Une expérience ludique aux côtés d’Oscar Isaac
Également réalisateur (cinq longs métrages), romancier et coscénariste (avec Richard Linklater ou Julie Delpy), Ethan Hawke ne s’est-il pas senti à l’étroit dans une machinerie qu’on imagine parfaitement huilée voire un peu rigide ? “En général, quand on manie de très gros budgets, les gens deviennent craintifs. La cuisine Marvel était au contraire très ludique : il y a certes des outils, des façons de raconter des histoires qu’ils veulent utiliser mais ils restaient ouverts aux propositions. Moon Knight n’est pas aussi connu que Batman, Superman ou Spiderman : il est propice à l’interprétation, et c’était à nous de paver le chemin. La durée du tournage nous a permis d’approfondir les personnages et l’univers de façon collaborative.”
Une aventure qui lui a fait croiser la route de Gaspard Ulliel, disparu tragiquement en décembre dernier et qui tient dans Moon Knight l’un de ses derniers rôles, celui d’un riche collectionneur aux intentions troubles. “Gaspard dégageait une forme d’aura hypnotique, à la fois comme acteur et comme être humain. Nous n’avons tourné ensemble que quelques jours, mais il était très intelligent et sensible. Il était si excité par son futur… Sa disparition m’a beaucoup attristé.”
Bien que Moon Knight, évitant les caméos et clins d’œil en tous genres, se démarque des autres productions Marvel par son autonomie narrative, il n’est pas impossible que l’on recroise ses personnages dans d’autres projets de la maison. De là à imaginer Ethan Hawke reproduire à l’échelle du blockbuster les expérimentations temporelles menées avec Delpy ou Linklater (cela fait presque quinze ans que Samuel L. Jackson interprète Nick Fury dans le MCU, et Robert Downey Jr. a endossé l’armure d’Iron Man pendant plus d’une décennie) ? “Quand on incarne un personnage de sequel en films dérivés, le vieillissement est plutôt une conséquence indirecte du succès.
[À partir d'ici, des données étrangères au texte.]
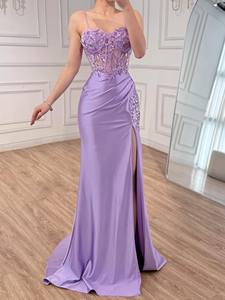 Abito da ballo a sirena in raso lilla Serene Hill LA73569 per la <span class=keywords><strong>festa</strong></span> <span class=keywords><strong>di</strong></span> <span class=keywords><strong>laurea</strong></span>, con spalline sottili, perline e spacco alto, abito da sera 2026 - Product Image 4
La logique était différente pour Boyhood ou la trilogie Before, car le temps est le sujet même de ces films.” Si on risque de ne pas voir vieillir Arthur Harrow au sein de l’univers Marvel, Ethan Hawke s’est offert, par ce pas de côté inattendu, une cure de jouvence originale.
Propos recueillis par Alexandre Büyükodabas lors d’une interview réalisée par visioconférence en mars 2022.